Top of The input

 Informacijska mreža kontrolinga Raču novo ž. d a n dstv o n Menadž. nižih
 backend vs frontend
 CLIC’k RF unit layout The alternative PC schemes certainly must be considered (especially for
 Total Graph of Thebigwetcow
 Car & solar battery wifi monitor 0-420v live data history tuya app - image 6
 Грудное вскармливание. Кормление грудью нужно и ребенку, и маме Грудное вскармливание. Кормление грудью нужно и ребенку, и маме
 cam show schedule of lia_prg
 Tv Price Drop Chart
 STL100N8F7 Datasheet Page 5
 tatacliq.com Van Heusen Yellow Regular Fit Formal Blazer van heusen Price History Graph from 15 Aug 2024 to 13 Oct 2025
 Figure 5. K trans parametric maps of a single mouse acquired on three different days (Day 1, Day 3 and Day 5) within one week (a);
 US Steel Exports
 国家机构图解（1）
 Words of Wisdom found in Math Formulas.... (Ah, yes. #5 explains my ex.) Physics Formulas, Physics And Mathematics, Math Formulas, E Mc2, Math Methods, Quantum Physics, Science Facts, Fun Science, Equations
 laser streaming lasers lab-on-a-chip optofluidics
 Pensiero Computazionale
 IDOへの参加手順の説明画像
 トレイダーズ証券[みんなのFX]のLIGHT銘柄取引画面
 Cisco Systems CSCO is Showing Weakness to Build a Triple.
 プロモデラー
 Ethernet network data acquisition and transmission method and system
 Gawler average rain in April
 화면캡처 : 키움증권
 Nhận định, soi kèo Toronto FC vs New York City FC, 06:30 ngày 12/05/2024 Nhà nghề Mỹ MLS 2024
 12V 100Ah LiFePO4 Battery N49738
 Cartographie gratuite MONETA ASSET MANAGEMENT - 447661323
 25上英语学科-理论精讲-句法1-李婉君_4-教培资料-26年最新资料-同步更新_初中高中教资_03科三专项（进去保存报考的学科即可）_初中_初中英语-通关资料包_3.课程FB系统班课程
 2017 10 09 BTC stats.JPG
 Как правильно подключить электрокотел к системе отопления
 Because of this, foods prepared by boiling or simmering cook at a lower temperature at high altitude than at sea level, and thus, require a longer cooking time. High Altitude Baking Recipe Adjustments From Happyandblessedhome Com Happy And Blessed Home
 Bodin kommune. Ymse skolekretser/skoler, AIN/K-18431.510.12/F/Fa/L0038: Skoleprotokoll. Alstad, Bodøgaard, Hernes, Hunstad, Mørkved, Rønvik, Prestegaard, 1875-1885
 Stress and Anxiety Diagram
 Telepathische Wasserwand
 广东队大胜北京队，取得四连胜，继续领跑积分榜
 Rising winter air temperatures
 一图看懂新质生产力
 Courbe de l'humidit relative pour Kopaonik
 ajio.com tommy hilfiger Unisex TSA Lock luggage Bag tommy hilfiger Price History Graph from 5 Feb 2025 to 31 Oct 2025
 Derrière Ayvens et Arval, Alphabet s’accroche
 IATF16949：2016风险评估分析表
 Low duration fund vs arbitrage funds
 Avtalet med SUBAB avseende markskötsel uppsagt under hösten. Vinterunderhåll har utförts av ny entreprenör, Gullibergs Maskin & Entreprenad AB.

Bottom of The input

▸ Brief
Reproduce exactly the section above that begins at the line containing "25上英语学科-理论精讲-句" and ends at the line containing "Как правильно подключить", leaving out all other lines.

▸ Solution to the exercise
 25上英语学科-理论精讲-句法1-李婉君_4-教培资料-26年最新资料-同步更新_初中高中教资_03科三专项（进去保存报考的学科即可）_初中_初中英语-通关资料包_3.课程FB系统班课程
 2017 10 09 BTC stats.JPG
 Как правильно подключить электрокотел к системе отопления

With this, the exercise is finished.